As noted above, net cash flows provided by operating activities in 2009 were $5,304,623 which, when compared to the $13,543,730 provided in 2008, represents a decrease of $8,239,107 or 61%. The decrease was mostly due to a decline in oil and gas sales cash flows of $11,586,529; a decrease in lease bonuses and coal royalties of $660,978; a decline in interest income of $271,729 and increased exploration costs of $879,175. Those decreases in cash flows were partially offset by a decrease in production costs of $658,499 and a decrease in income taxes paid of $4,506,861. Additional discussion of the more significant items follows.


Discussion of Selected Material Line Items Resulting in a Decrease in Cash Flows. The $11,586,529 (57%) decrease in cash received from oil and gas sales to $8,871,090 in 2009 from $20,457,619 in 2008 was the result of a decrease in both the average oil and gas prices and the volume of oil and gas sales. See “Results of Operations” below for a price/volume analysis and the related discussion of oil and gas sales.

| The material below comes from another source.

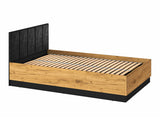 Cama 505441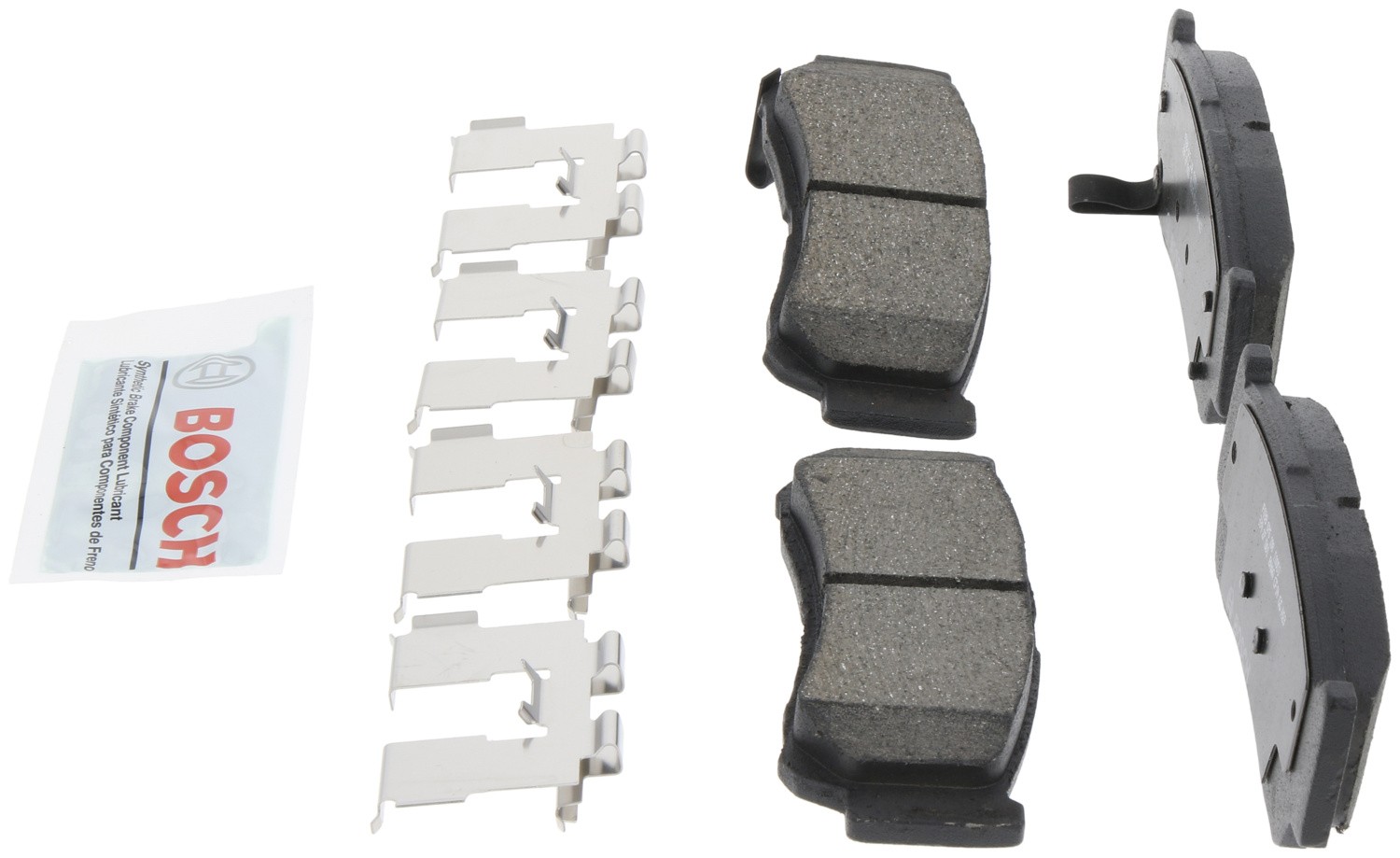 Bosch BOS-BC1297 - Image 3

Cash received for lease bonuses and coal royalties declined $660,978 (71%) to $275,707 in 2009 from to $936,685 in 2008. Most of the decrease is due to a decrease in cash received for lease bonuses of about $694,000 in 2009 versus 2008. This decrease was offset by an increase in the cash received for coal royalties of $32,995 to $226,399 in 2009 from $193,404 in 2008.

Cash received for interest earned on cash equivalents and available-for-sale securities decreased $271,729 (70%) to $118,477 in 2009 from $390,206 in 2008. The decrease was the result of a decrease in the average rate of return to 0.73% in 2009 from 2.41% in 2008.

Cash flow decreased due to an increase in cash paid for exploration expenses of $879,175 to $891,221 in 2009 from $12,046 in 2008. About $490,000 of the increase was due to increased geological and geophysical expense in 2009 versus 2008 due partly to the prepaid seismic balance at 2009 year-end. The remaining increase of about $389,000 was due to higher dry hole costs in 2009 versus 2008.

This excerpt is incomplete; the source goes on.